Henry was responsible for constructing the first church building, which was a temporary corrugated iron building located on a site immediately to the south of the current building. However, he did not confine his preaching to this building. He frequently visited and preached in the open air, including in front of the Post Office in East Finchley. However, Henry soon turned his attention to fundraising for constructing a permanent building. On 26 July 1867, the foundation stone of the present building was laid.
The church building was designed by the architect John Norton and is based on the mediaeval Gothic styles of the pre-Reformation era and Gothic revivalist design. The first part of the church to be completed was the nave, consecrated on 9 April 1869, which incorporates a beautiful rose window. Henry Stephens was inaugurated as the first Vicar of Christ Church in 1872.
The rest of the building was completed in stages as funds permitted. The first addition was the north aisle, completed in 1874, followed by the south aisle in 1880. Work on the chancel and vestries began in 1891, including installing an organ in 1881. Plans were laid for full transepts and a substantive tower with a spire, but these were never built. As early as 1885, there were reports that the church was cold in winter. Substantial effort was made to remedy this, including the building of a porch on the west end to cut down the draughts that regularly swept through the building in winter.
Reverend Stephens also founded Christ Church School (now Wren Academy) and the nearby St Barnabas Church.
A consolidated chapelry was assigned from the mother parish, St. John's, Whetstone, and Holy Trinity, in 1872. The patronage was vested in trustees, including the rector, who had given glebeland for the site, and later exercised by the Church Patronage Society. As funds became available with the support of wealthy parishioners like the Hamiltons, additions were made to the building. On one Sunday in 1903, when there were 700 sittings, 237 people attended in the morning and 314 in the afternoon.

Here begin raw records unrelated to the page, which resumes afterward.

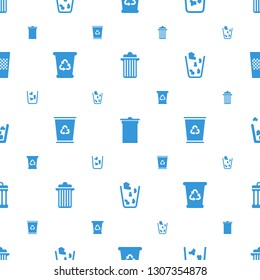 bin icons pattern seamless white background. Included editable filled delete trash bin, trash bin, recycle icons. icons for web and mobile.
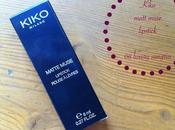 Kiko MATT MUSE lipstick luxury sangria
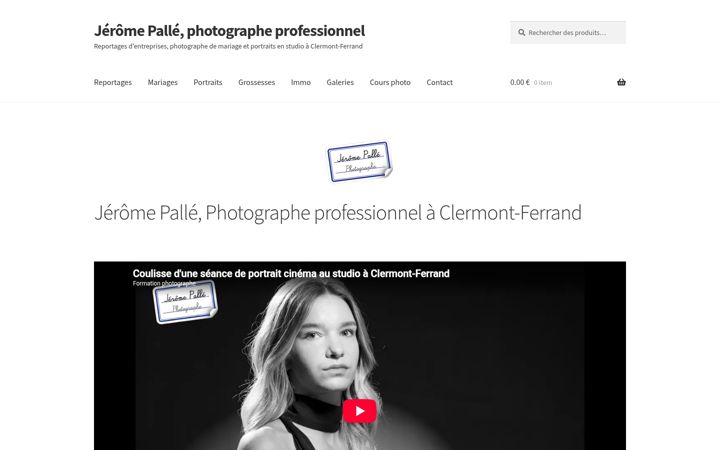 Screenshot of jeromepalle.com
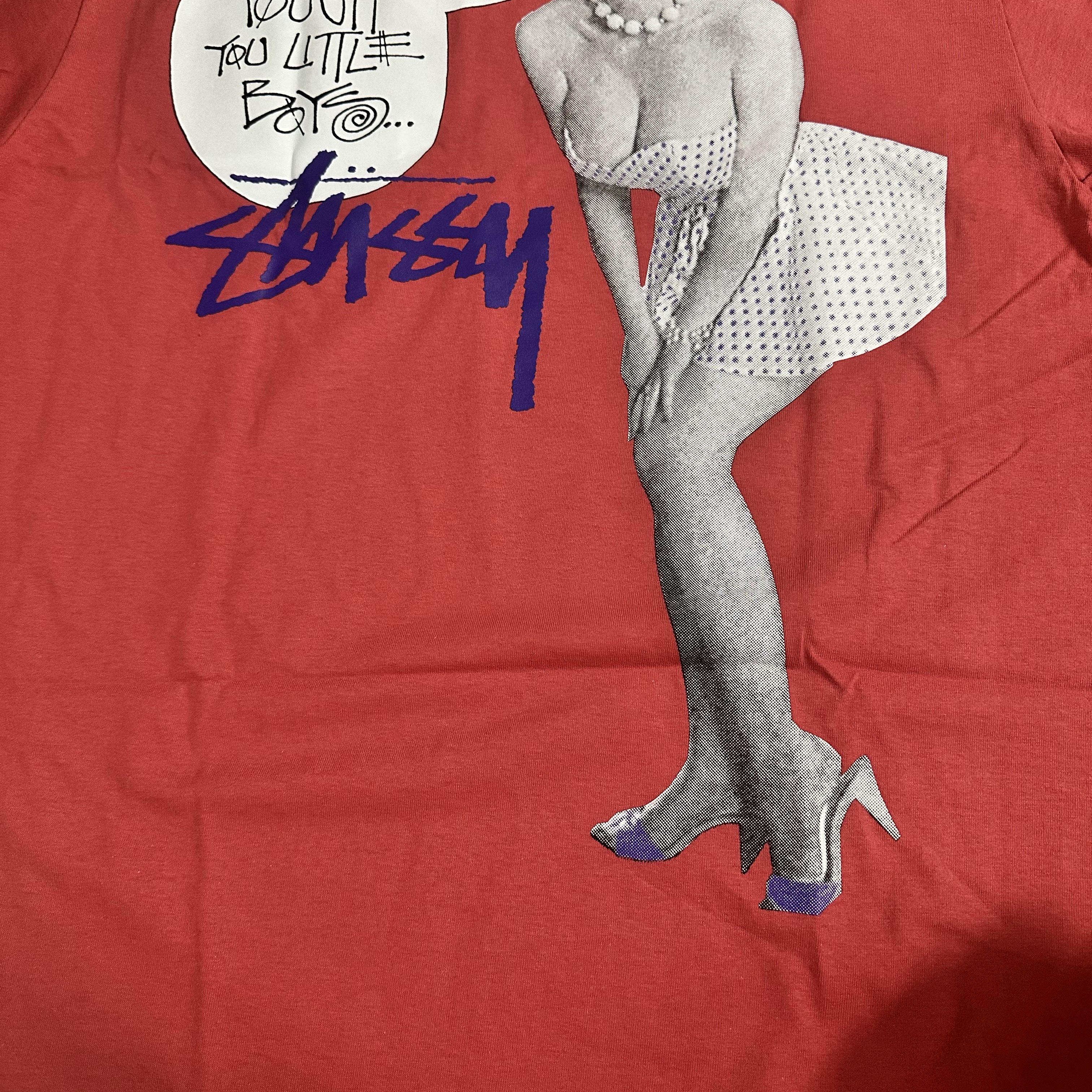Stussy Skate Tough T-Shirt Pepper 착용 스타일 - 1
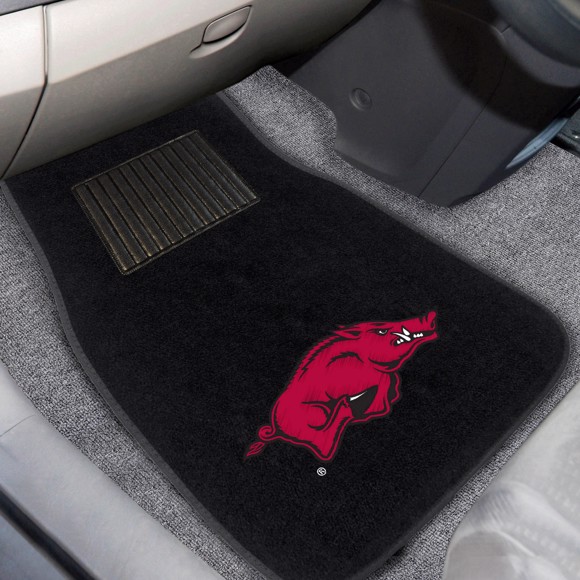 Picture of Arkansas Razorbacks 2-pc Embroidered Car Mat Set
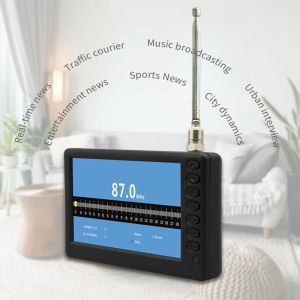 Radyo mini 5 inç D5 Dijital TV DVBT2 ATSC Radyo U Disk Oynatma H.265 Araba Navigasyonu Taşınabilir
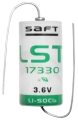литиевая промышленная батарейка Saft LS 17330 CNA (2/3A) 
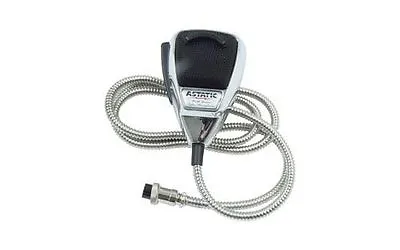 ASTATIC Chrome CB Ham Radio Microphone 636 LC DX-1 4-pin Uniden Cobra Etc. Mic  • $36.99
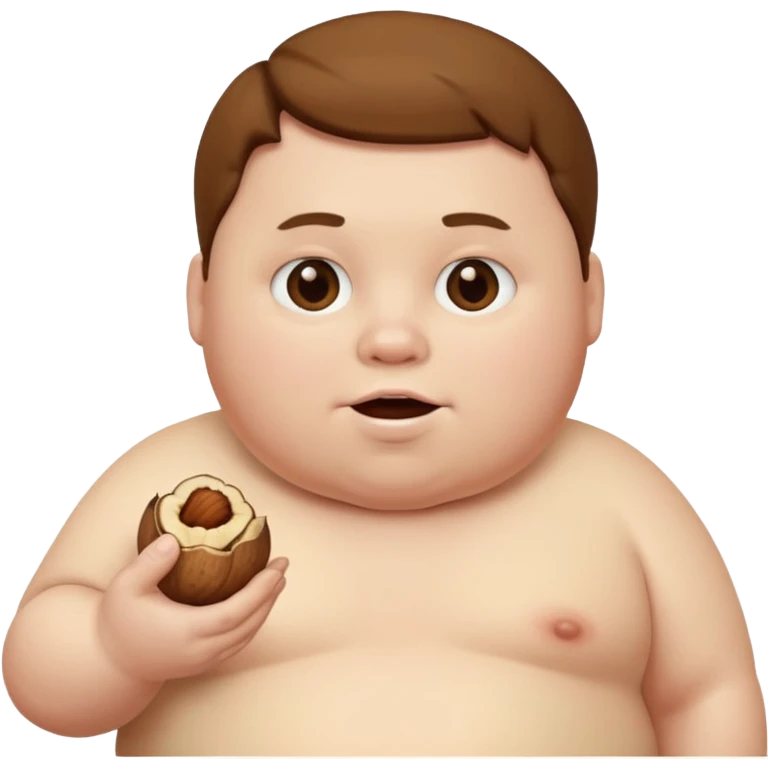 fat boy with a nut emoji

By 1899 two curates helped to run a memorial hall and library in High Road (in memory of Henry Stephens, who died in 1898); an institute in Percy Road (c. 1899); missions at Holden Road (1885-1909 - later St Barnabas Church) and Summers Lane (1906-60). In 1938 the original hall was sold, and a new Stephens Memorial Hall was built behind the church. The sizeable Victorian vicarage next to the church survived in 1977
Catherine Ironside
Christ Church has always been a sender and supporter of missionaries across the UK and the rest of the world and is now a notably diverse congregation comprising many nationalities.